> Data provided
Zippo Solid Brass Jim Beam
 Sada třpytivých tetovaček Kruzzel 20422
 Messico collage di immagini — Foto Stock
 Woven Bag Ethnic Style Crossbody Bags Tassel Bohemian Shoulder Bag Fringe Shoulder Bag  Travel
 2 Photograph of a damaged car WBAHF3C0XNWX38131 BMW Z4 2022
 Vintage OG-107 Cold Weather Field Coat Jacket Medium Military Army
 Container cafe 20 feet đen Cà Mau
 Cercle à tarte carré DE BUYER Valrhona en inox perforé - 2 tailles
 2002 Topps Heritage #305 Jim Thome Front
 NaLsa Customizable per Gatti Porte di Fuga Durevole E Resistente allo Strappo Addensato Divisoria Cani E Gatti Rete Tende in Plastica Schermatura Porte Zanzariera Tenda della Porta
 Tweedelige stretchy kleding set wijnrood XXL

> Work to be completed
Each line from the one containing "Cercle à tarte" through the last line of the entries is to be copied exactly, with no other lines added.

> Final answer
 Cercle à tarte carré DE BUYER Valrhona en inox perforé - 2 tailles
 2002 Topps Heritage #305 Jim Thome Front
 NaLsa Customizable per Gatti Porte di Fuga Durevole E Resistente allo Strappo Addensato Divisoria Cani E Gatti Rete Tende in Plastica Schermatura Porte Zanzariera Tenda della Porta
 Tweedelige stretchy kleding set wijnrood XXL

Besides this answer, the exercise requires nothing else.